Dilma Rousseff devrait s’exprimer ce lundi 18 avril. Son mandat ne tient désormais plus qu’à un fil. Elle pourrait décider de le couper elle-même, en annonçant sa démission. A moins qu’elle ne préfère attendre le vote du Sénat le mois prochain. Il suffira d’un vote à la majorité simple des sénateurs pour qu’elle soit mise en accusation pour « crime de responsabilité ». Dilma Rousseff serait alors écartée du pouvoir pendant une période au maximum de 180 jours, en attendant un verdict final sur sa destitution par un vote aux deux tiers.

Dans un cas comme dans l’autre, le Brésil entrerait dans un long tunnel à l’issue incertaine. Le vice-président Michel Temer, 75 ans, son ex-allié centriste et désormais rival, assumerait les fonctions de Dilma Rousseff. Il serait amené à former un gouvernement de transition. Sombre perspective. Michel Temer est presque tout aussi impopulaire que la présidente. Son parti centriste, le PMDB, est éclaboussé par le scandale de corruption Petrobras.

Les nuages s’amoncellent au-dessus de sa tête, mais Dilma Rousseff reste droite dans ses bottes. Elle nie avoir commis un crime dit « de responsabilité ». Elle avait annoncé, avant le vote de dimanche, son intention « lutter jusqu’à la dernière minute de la seconde mi-temps ». Son avocat, José Eduardo Cardozo, a prévenu: « Ce vote scandaleux ne va pas l’abattre. Elle va lutter ce pour quoi elle a toujours lutté depuis la dictature, la démocratie ».

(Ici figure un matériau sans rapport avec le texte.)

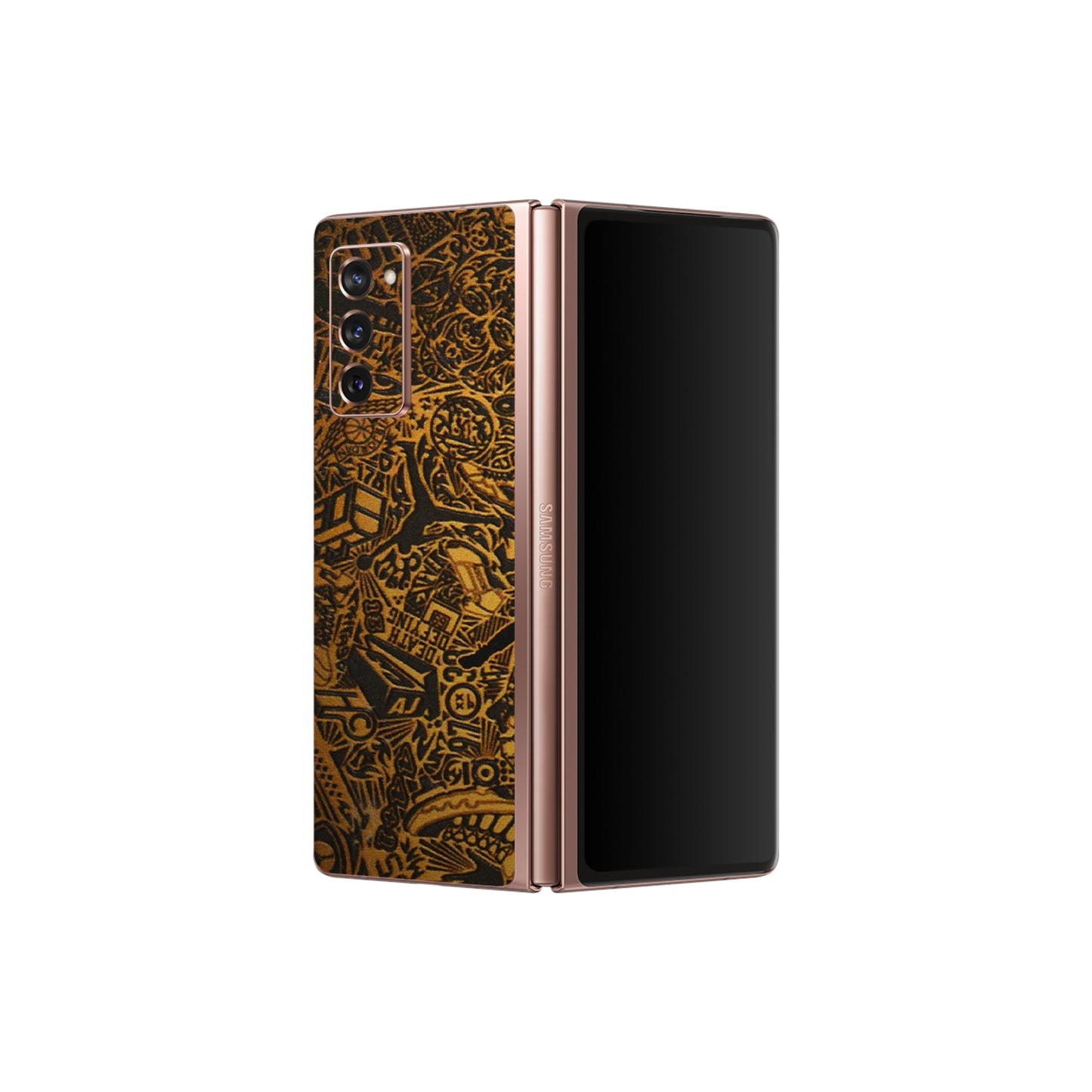 Samsung M/F/Note/Flip and C Phone Skins (All Models) - Premium Gold Basketball Player - 3D Embossed Finish (L-236) Samsung Galaxy Z Fold 2
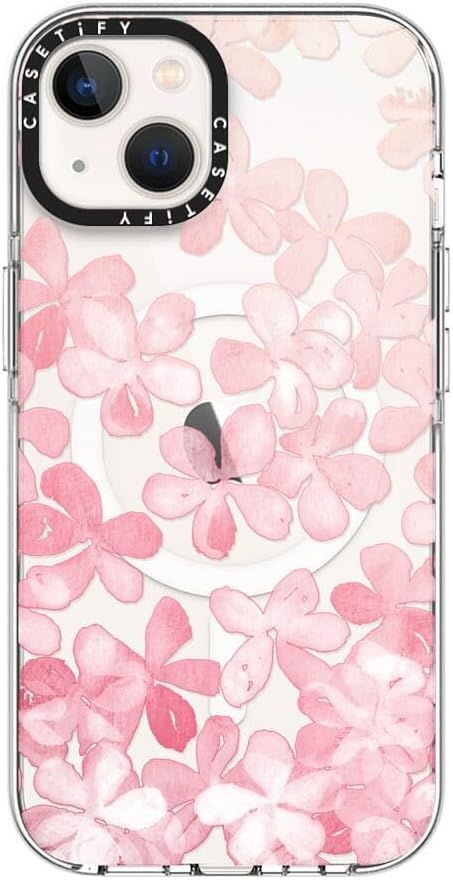 CASETiFY Clear iPhone 13 Case [Not Yellowing / 6.6 ft. 3X Military Grade Drop Protection/Compatible with Magsafe] - Spring Blossoms - Clear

Au Brésil, la journée de dimanche a été vécue comme une étape décisive pour l’avenir du pays. A Brasilia, 53.000 manifestants en vert et jaune favorables à la destitution et 26.000 sympathisants de gauche habillés en rouge ont suivi les débats sur des écrans géants devant l’assemblée, séparés par une barrière métallique. Des dizaines de milliers de Brésiliens ont manifesté dans le pays, moins nombreux que prévu mais sans incidents, notamment à Sao Paulo et Rio de Janeiro.

Présente la semaine passée à Rio pour la dernière visite de la commission de coordination du CIO avant le début des Jeux, Nawal El Moutawakel avait été interrogée sur la position de l’organisation olympique face à la crise politique brésilienne. Réponse très diplomatique, et prudente, de la dirigeante marocaine, présidente de la commission: « Le CIO est une organisation apolitique, et nous avons avancé dans le travail malgré le contexte politique et économique compliqué. Nous sommes dans les temps. La crise politique n’a pas d’impact sur la préparation des Jeux. »

Difficile à croire. A moins de quatre mois de l’événement, le Brésil vient de changer de ministre des Sports et pourrait bien voir le fauteuil présidentiel recevoir un nouvel occupant. Les billets pour les Jeux se vendent mal parmi le public brésilien, même très mal dans le cas des Jeux paralympiques. Tout sauf une surprise.